What the task asks |
If a line in the listing below contains "Black", return that line.
[Input for this task — start]
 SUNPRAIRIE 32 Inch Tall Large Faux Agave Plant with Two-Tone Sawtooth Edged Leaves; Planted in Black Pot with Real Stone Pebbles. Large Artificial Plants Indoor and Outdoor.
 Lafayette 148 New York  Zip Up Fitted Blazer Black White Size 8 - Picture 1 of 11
[Input for this task — finish]
[Input for this task — start]
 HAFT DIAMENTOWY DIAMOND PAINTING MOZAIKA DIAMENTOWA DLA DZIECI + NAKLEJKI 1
[Input for this task — finish]
Answer to this problem |
 SUNPRAIRIE 32 Inch Tall Large Faux Agave Plant with Two-Tone Sawtooth Edged Leaves; Planted in Black Pot with Real Stone Pebbles. Large Artificial Plants Indoor and Outdoor.
 Lafayette 148 New York  Zip Up Fitted Blazer Black White Size 8 - Picture 1 of 11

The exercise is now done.